Estate agent Arthur French and property developer Seamus Ross were involved in a joint venture to build the exclusive Ladycastle housing scheme at the famous golf resort, but Mr French told the High Court yesterday he is still owed millions by Mr Ross's company, Menolly Homes.
He insists the "true profit'' from the development is about €46.4m and that this should have been split between him and Mr Ross.
Instead, he claims profits for the development were "significantly understated'' at €28.9m, with the additional €17.4m being "wrongfully paid'' or permitted to be paid or diverted by Mr Ross to Menolly.
He alleges that Menolly overstated construction costs, misallocated fees and charged a "management'' fee of some €3.6m.
Menolly had been unable to explain "serious irregularities'' on the face of documents submitted by it, he claims.
The proceedings, being taken by Mr French, of Churchfields, Straffan, Co Kildare, against Mr Ross, of Barberstown House, Clonsilla, Dublin, and against Menolly Homes and Brisa Developments Ltd, both of Main Street, Lucan, Co Dublin, were yesterday admitted to the list of the Commercial Court.
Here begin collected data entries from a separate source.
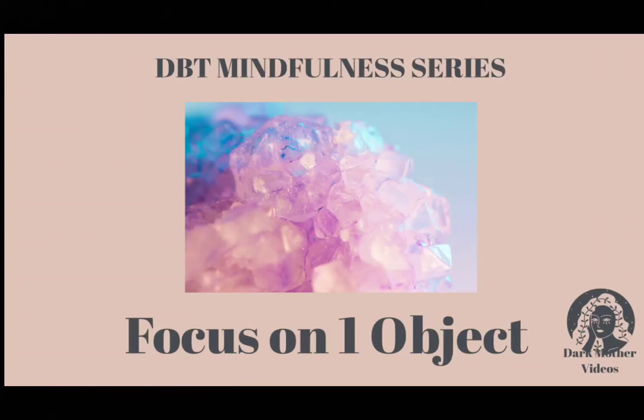DBT exercise: focus on a single object. To begin, sit comfortably and take a few slow, deep breaths.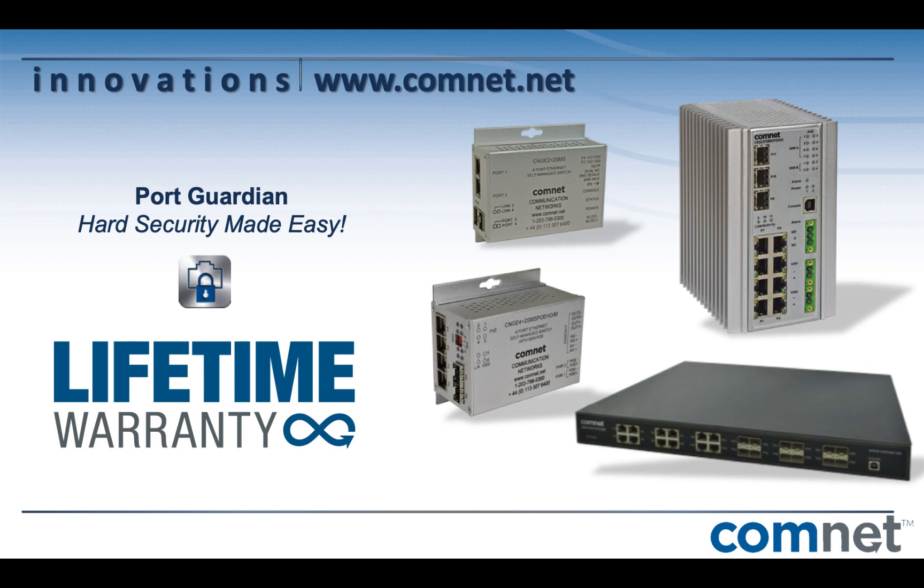Thank you for taking a closer look at ComNet's exclusive PortGuardian security feature — hard security made easy. Check out our website or call for more information.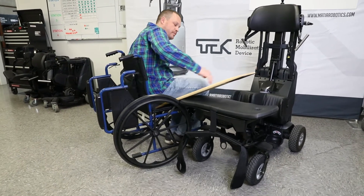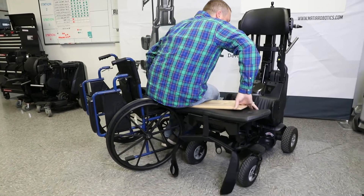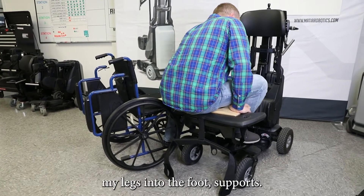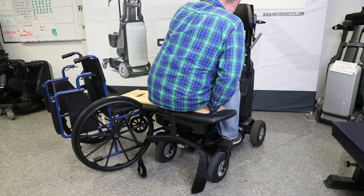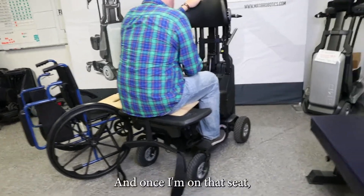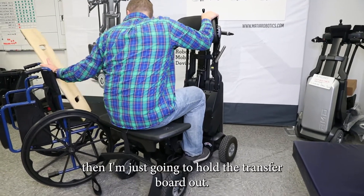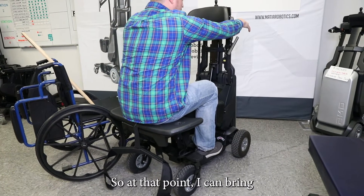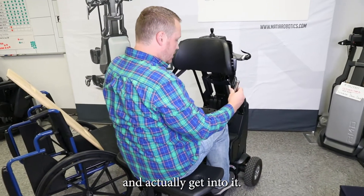I'll use the transfer board to show. Essentially what I'm going to do is just get in and slide myself over, bring my legs into the foot supports. I can use the device up here to hold on if I need to. Once I'm on that seat, I'm just going to pull the transfer board out. With the cushion underneath me, I can bring the device back to me and actually get into it.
In the action, Mr French is seeking damages or an account of profits for alleged breach of contract and of fiduciary duty.
Mr French operates the estate agency French Estates and claims he secured an option to purchase lands at Ladycastle, part of the K Club grounds.
He sought a partner for a residential development on the lands and claims he entered an agreement with Mr Ross, principal beneficial shareholder of Menolly Homes.
Mr French claims the agreement provided that the net profits from the development would be divided equally between him and Mr Ross, although the profits might be drawn through Menolly, in Mr Ross's case, and through French Estates, in Mr French's case.
Brisa was incorporated as the legal vehicle to effect the development and the lands were sold to it (Brisa) for €21m, on foot of an agreement of June 30, 2003, Mr French claims.
Menolly constructed the development and Mr French said it was anticipated, prior to construction, that the development would yield a profit of €49.7m.
It was completed in September 2006.
Because of concerns about expected profits, Mr French says he sought financial information about the development from January 2007.
Draft financial statements for the year ended June 2007 disclosed a profit of €29.98m. Mr French says that figure confirmed his concerns and he ultimately issued a demand under the Companies Act to obtain certain information.
Mr French appointed KPMG as reporting accountants to him and it concluded the profits had been "significantly understated'' because the construction costs as presented were not reasonable and/or were not properly incurred.
Mr French also claims that "serious irregularities" appeared on the face of documents presented to KPMG which, he claims, Menolly was unable to justify or explain. Of 761 invoices received, some 306 (totalling €14.99m) related to other unrelated construction contracts with third parties or did not refer to any specific project, he claims. Invoices from nine separate suppliers appeared to be in the same handwriting and invoices from different suppliers used a Menolly Enterprises stamp, he also claims.
In the absence of a proper contractual basis and an explanation for the "irregular invoices" and the costs of building generally, KPMG, having examined the documents supplied by Menolly, assessed the true profit from the development as €46.4m.